На Афон - Борис Константинович Зайцев
Шрифт:
Интервал:
Закладка:
Вот, наконец, вожделенная Каруля. У о. Феодосия келлия под его собственной церковкой, построенной ему еще до войны одним благодетелем. Есть, впрочем, и «гостиница» – крохотный домик, сложенный им из камня в три «номера» – кабинки. Нельзя без нее – много приходит иноков за советом, или просто на богослужение в церковь.
Приветливо встречает нас о. Феодосий, неторопливо истово благословляет. Лицо серьезно, задумчиво, но глазами улыбается старец. И чувствуешь, что он уже тебя любит. Сердце радостно сжимается. Хочется по-детски приласкаться, свою любовь как-то показать.
Далеких гостей первым делом, по афонскому обычаю, накормить надо. Тут уж мы оказались «прозорливцами» – кроме сухариков ничего путного у старца в запасе не оказалось, если не считать небольшого количества сухих полузаплесневевших смокв.
Разгрузили мы свои мешки, о. Харалампий начал варить обед, а старец на короткое время скрылся и вскоре принес пустынной капустки, кисленькой травки, растущей на скалах карульских. Вкуса в ней было однако немного, и рисовый суп без нее был бы, пожалуй, даже вкуснее. Но ведь это было единственное собственное угощение старца. Открыли мы и рыбные консервы, но о. Феодосий к ним не прикоснулся, ссылаясь на Петровский пост. Нам же, как в пути сущим, благословил добродушно.
После обеда и небольшого отдыха деликатный о. Харалампий распрощался с нами и ушел в лежащий неподалеку св. Георгиевский скит на Кирашах у подножия «шпиля». Там он обещал ожидать меня до пяти дней.
И мы остались с о. Феодосием. Рассказал я старцу всю свою жизнь. Он молча слушал мое длинное повествование. Изредка поднимал на меня свой лучистый взор и ласково и любовно обнимал им меня.
Незаметно подошла ночь. Старец прервал беседу и предложил совершить вечернее правило. Пропели вечерню, повечерие с трехканоником и акафистом. А тут полночь как раз.
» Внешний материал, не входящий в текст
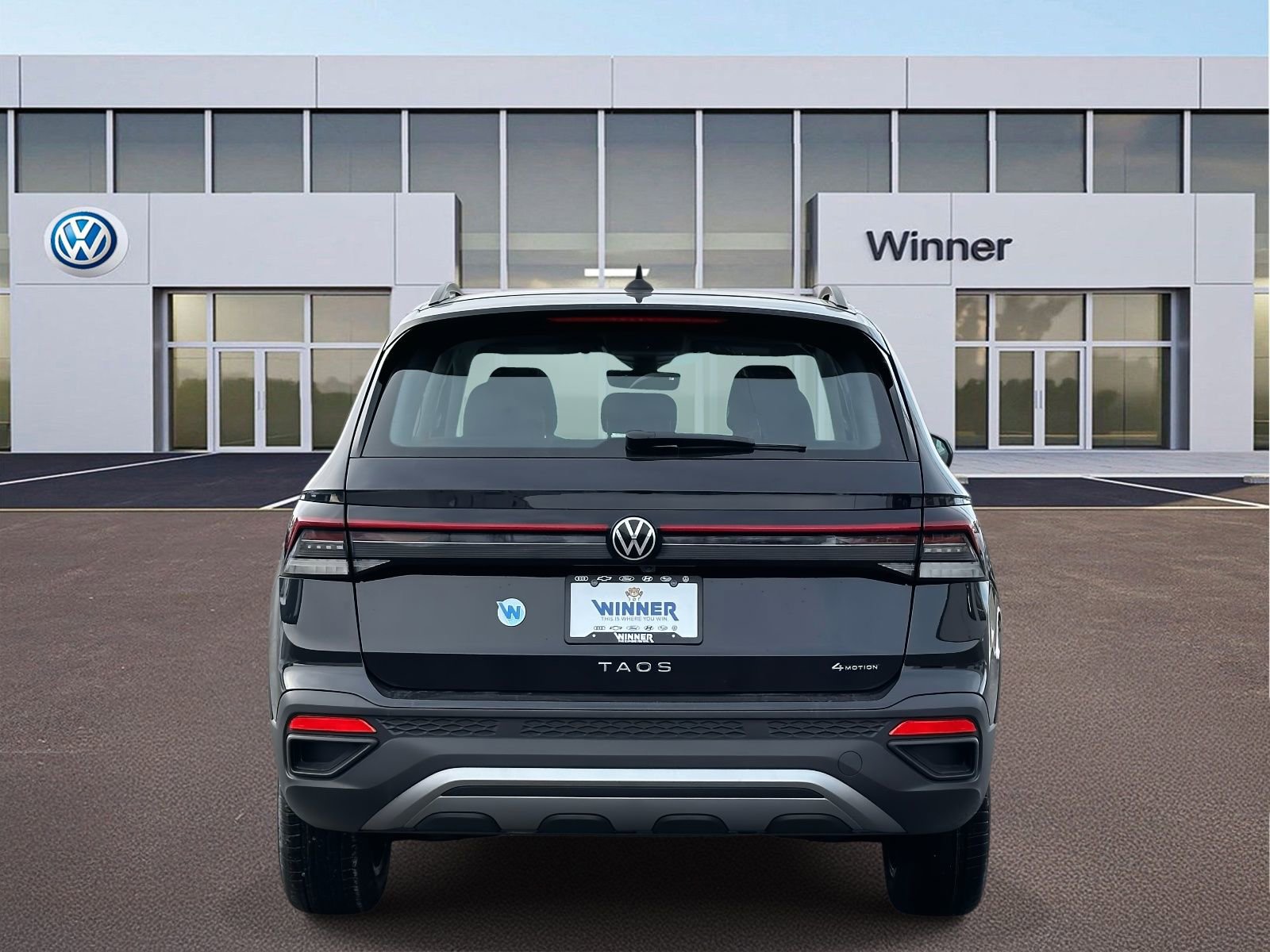 New 2026 Volkswagen Taos S image 4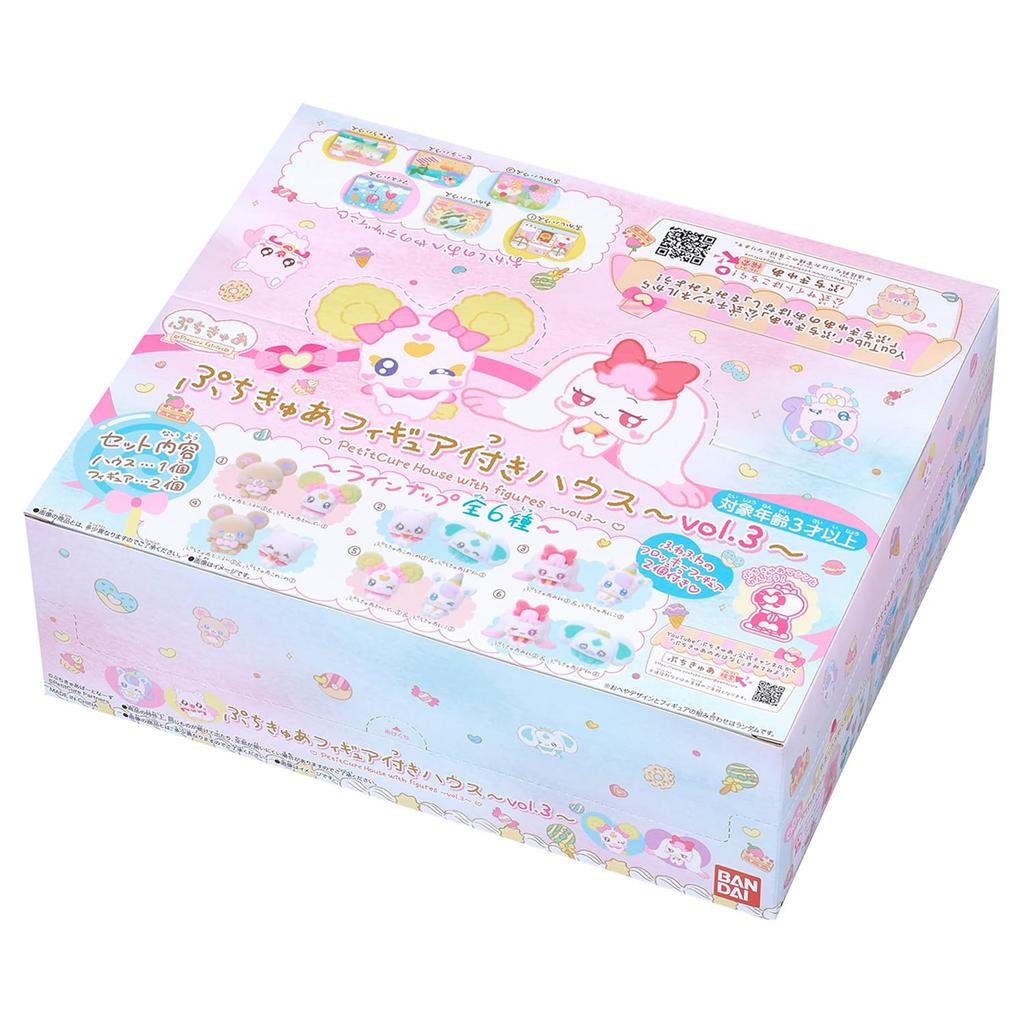 Petit Cure Figure House Petit Cure Initial Sticker [BANDAI] ~vol.3~ (Bonus vol.3)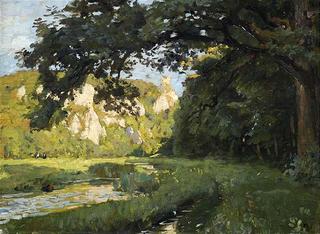 Summer near Butterhausen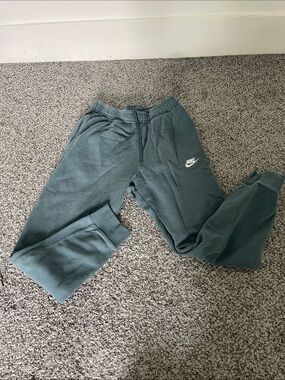 Nike Teal Fleece Jogger Sweatpants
Как не прочитать полунощницу с ее чудным тропарем: «се жених грядет в полунощи и блажен раб, его же обрящет бдяща».
После полунощницы старец отвел меня с свою келлию отдохнуть, обещая разбудить к утрене.
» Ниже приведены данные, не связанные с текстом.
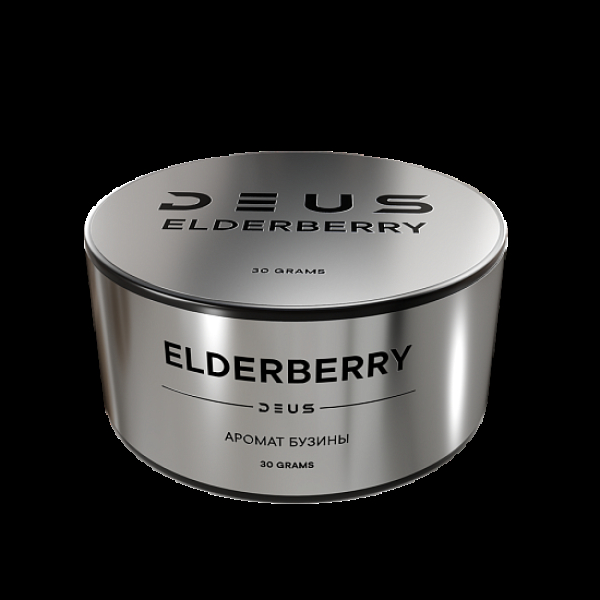 Табак Deus Elderberry  30 грамм в Самаре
Но разбудил только к Литургии, которую мы начали в шестом часу утра. Пока я спал о. Феодосий отпел утреню. Сколько же отдыхал старец, судите сами.
После Литургии мы продолжили вчерашнюю беседу. Начал я просить о. Феодосия постричь меня.
Улыбнулся старец, сказал:
– Давно я уже никого не постригал. У меня правило, кого постригу – тот должен, как чадо мое духовное, остаться при мне, ибо я взял пред Богом ответственность за его душу. Было несколько таких усердствующих, да вот, должно быть по сварливости характера моего, никто не удержался…
– Действительно, – рассказывал мне после один из карульцев схимонах Антоний, – многие из нас хотели стать учениками батюшки. И ревнители были великие, но никто больше года у него не выдерживал. За ним не угонишься.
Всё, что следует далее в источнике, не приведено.